Un autre enjeu réside dans le Drive Amazon
Alors que tout le monde a les yeux rivés sur la boutique Amazon Go, de l’autre côté de Seattle s’est dressé le futur Drive Amazon. Ce dernier permettra aux clients de réaliser leurs courses en ligne, pour ensuite les récupérer au point de livraison. L’atout ? Ajouter un livre ou un téléviseur à la commande, qui pourra être récupéré en même temps que les courses alimentaires. De quoi renouveler le monde de la grande distribution.
Un modèle hybride entre discounter alimentaire et commande en ligne
Si le magasin actuel est de taille modeste avec ses 170m2, la société imagine des magasins beaucoup plus grands. Le concept imaginé par Amazon est proche des magasins discount européens tels que Lidl, avec une sélection limitée de produits frais et bien évidemment de nombreuses interfaces tactiles. Grâce à une mise en place simple et spartiate, les coûts d’entretien des boutiques baissent. De plus, le nombre limité de marchandises assure de n’avoir aucun stock. La société Amazon est arrivée à cette conclusion en observant que les épiciers généraient 80 % de leurs revenus grâce à 20 % de leurs produits. En se concentrant sur ces produits à haut rendement, il est donc possible d’augmenter l’efficacité et la rentabilité.
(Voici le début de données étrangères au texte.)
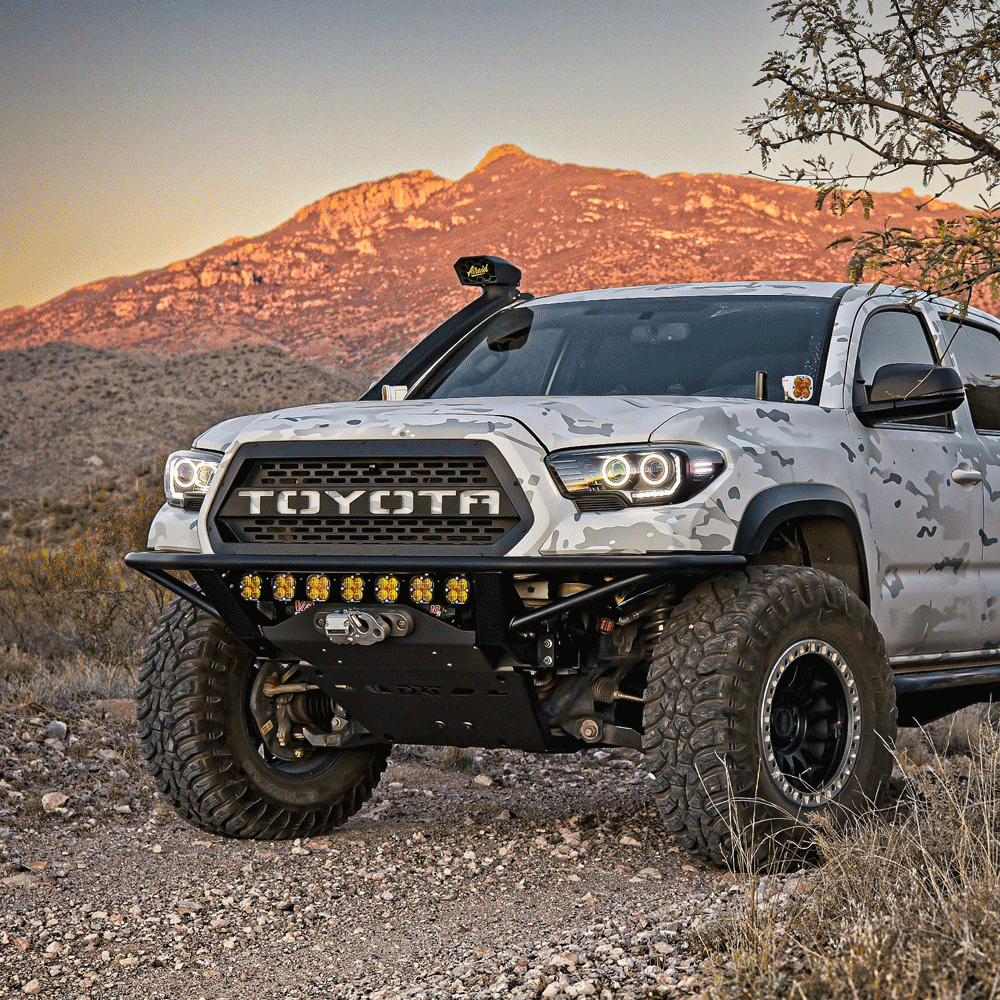 DRT Fabrication - Crossmember Delete Front Bumper - Toyota Tacoma (2016-2023)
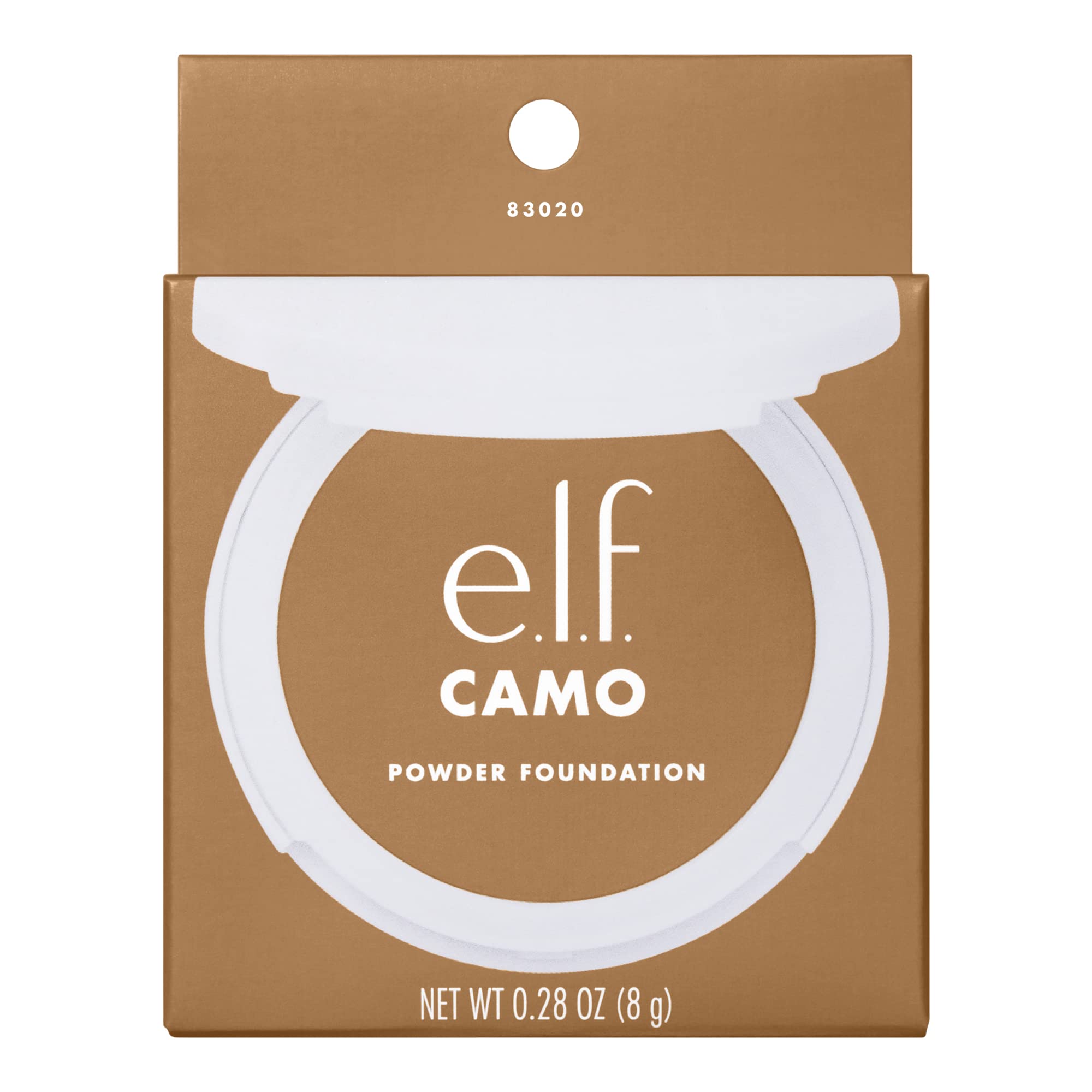 Foto 7 pulgar | Venta Internacional - Base Powder Foundation E.l.f. Camo Lightweight Imprimer Con Infusión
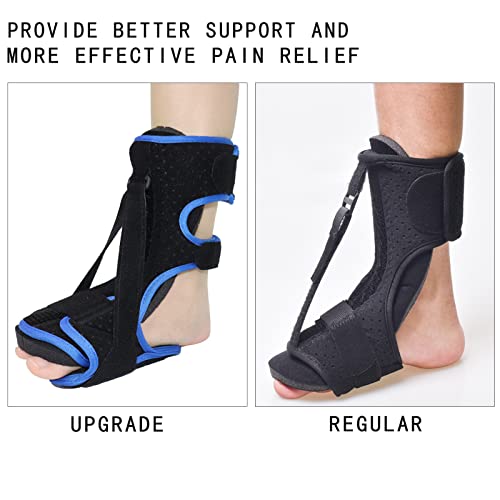 MMPANG Upgraded Plantar Fasciitis Night Splint, Night Splint for Plantar Fasciitis Women & Men, Foot Splints for Plantar Fasciitis Relief, Foot Brace for Plantar Fasciitis, Dorsal Night Splint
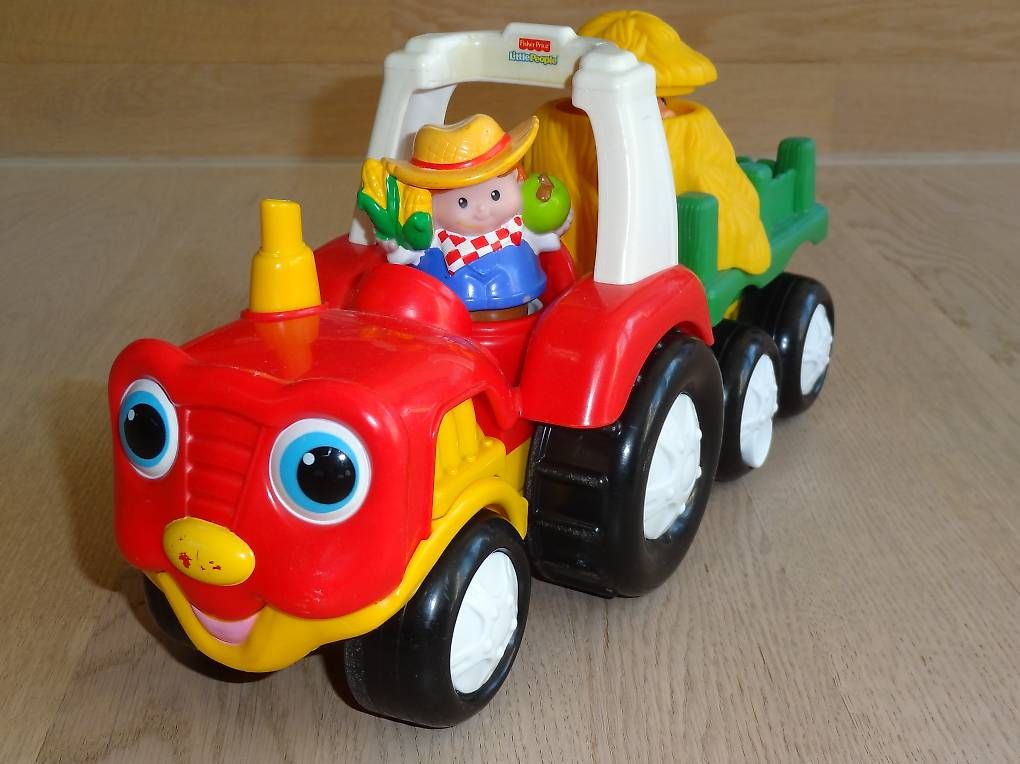 Giocattoli: Fisher Price Little People Traktor – Usato da Diessenhofen venduto da Stephanla52 1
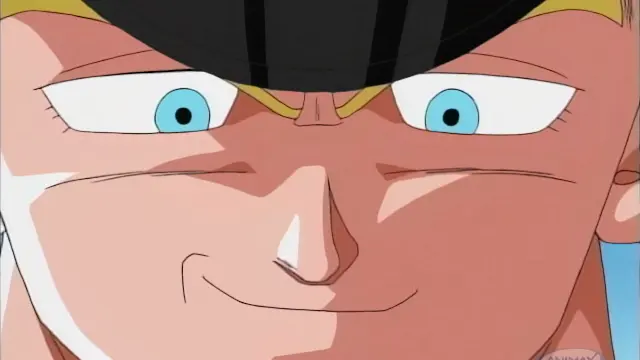 Goku vence a Murasaki y el General Blue entra en escena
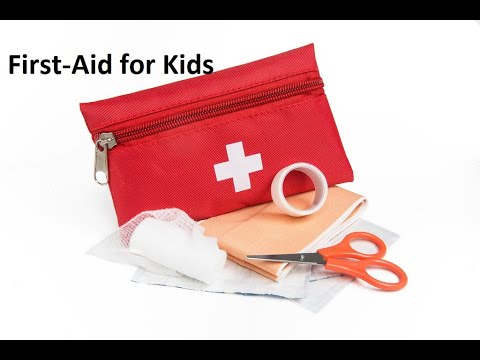 First aid for Kids | फर्स्ट ऐड |Teach kids safety | Prepare for medical emergency | First aid Kit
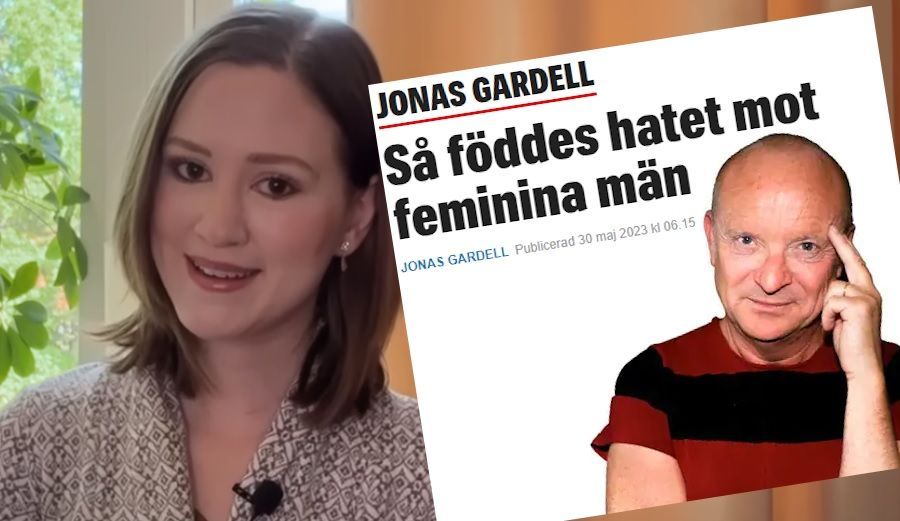 Mira Aksoy: Jonas Gardell försöker skrämma kritiker till tystnad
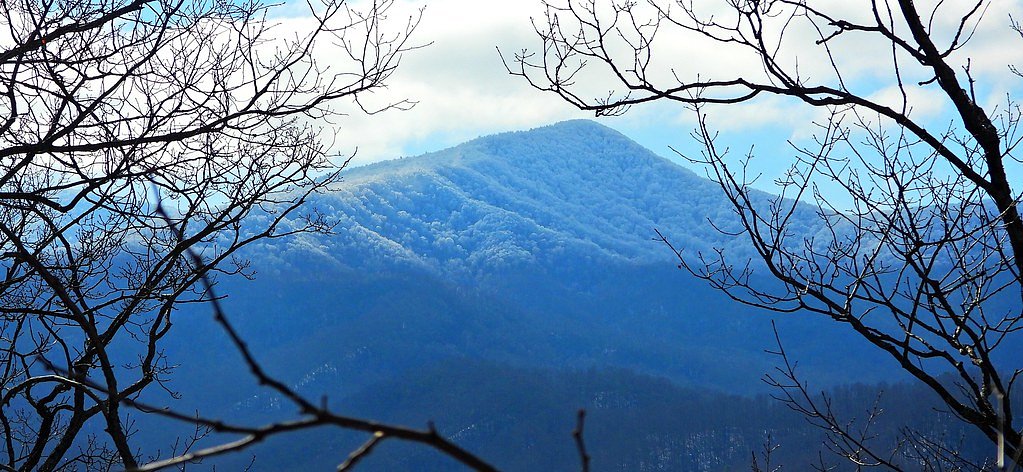 Laurel Falls waterfall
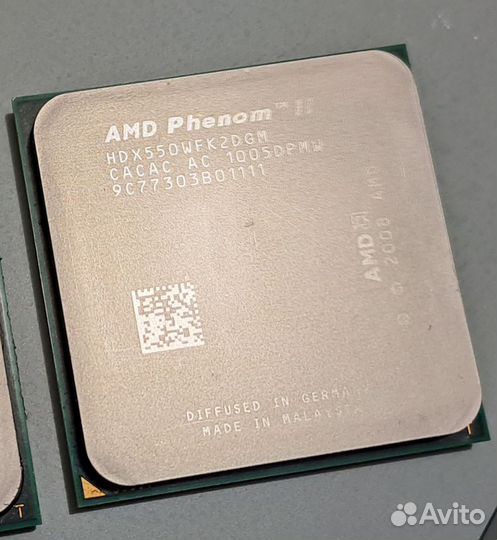 Процессор Phenom II X2 550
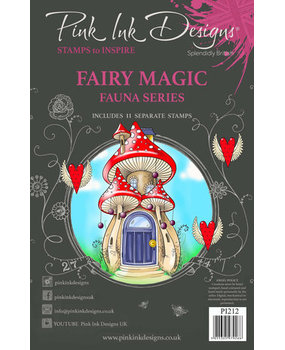 Pink Ink Designs Fauna Series Fairy Magic A5 Clear Stamps (PI212) Pink Ink Designs Fauna Series Fairy Magic A5 Clear Stamps (PI212)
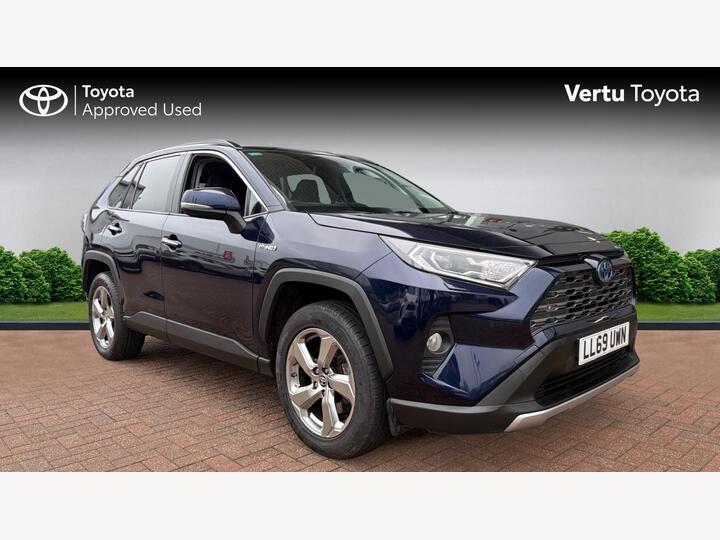 Toyota RAV4 2.5 VVT-h Excel CVT Euro 6 (s/s) 5dr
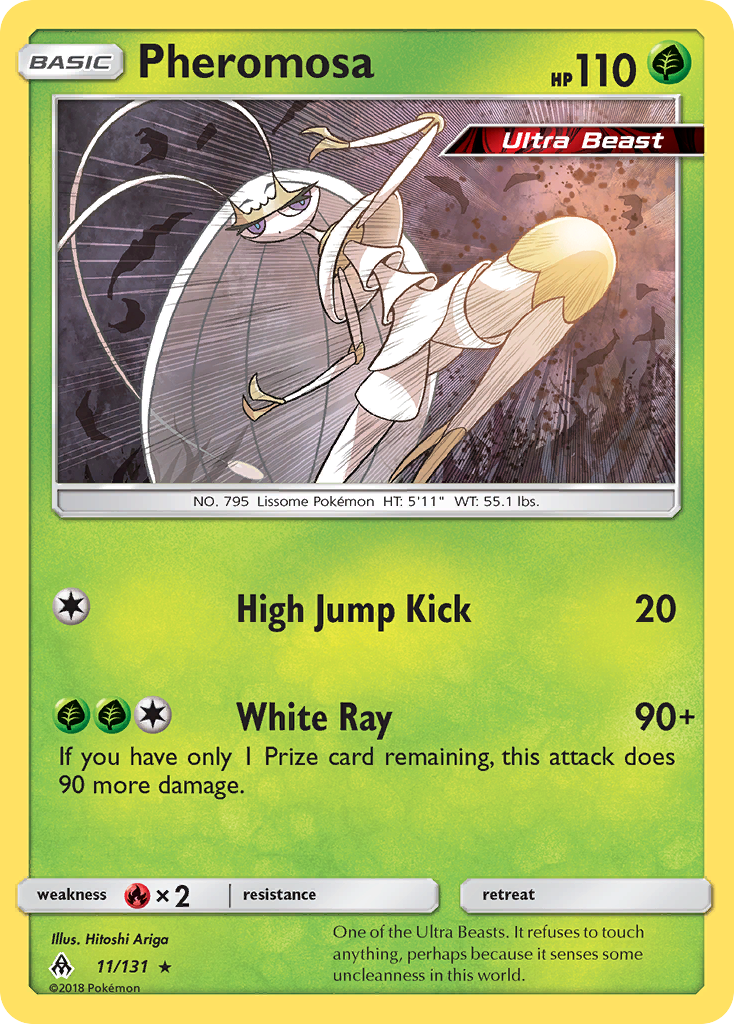 Pheromosa - Forbidden Light #11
Paiement mobile : déjà expérimenté par PayPal
Beaucoup d’acteurs ont déjà tenté de s’imposer sur le créneau du paiement par smartphone, qui est loin d’être une nouveauté. C’est le cas de PayPal, qui avait testé en 2013 aux Etats-Unis un système utilisant la technologie « Bluetooth low energy » qui permet de reconnaître le smartphone d’un client à l’entrée du magasin et opère la facturation en ligne. Pour PayPal, le projet est cependant resté au stade de l’expérimentation. Cet échec n’a pas découragé la firme de Jeff Bezos, qui a repris la même technologie pour son magasin de Seattle.
L’emploi américain est-il menacé ?
Selon les statistiques, il y aurait 3,4 millions de caissiers et caissières aux Etats-Unis, ainsi que 4,5 millions de vendeurs et vendeuses, auxquels il faut ajouter 2,4 millions d’ouvriers travaillant dans les centres de stockage et autres dépôts. C’est donc plus de 10 millions d’emplois qui pourraient devenir obsolètes dans les prochaines années si l’essor des magasins automatiques a lieu. D’après des économistes de l’Université d’Oxford, 47% des emplois américains pourraient être pris en charge par des robots d’ici 20 ans, les emplois à bas salaire ayant 83 % de chances d’être automatisés.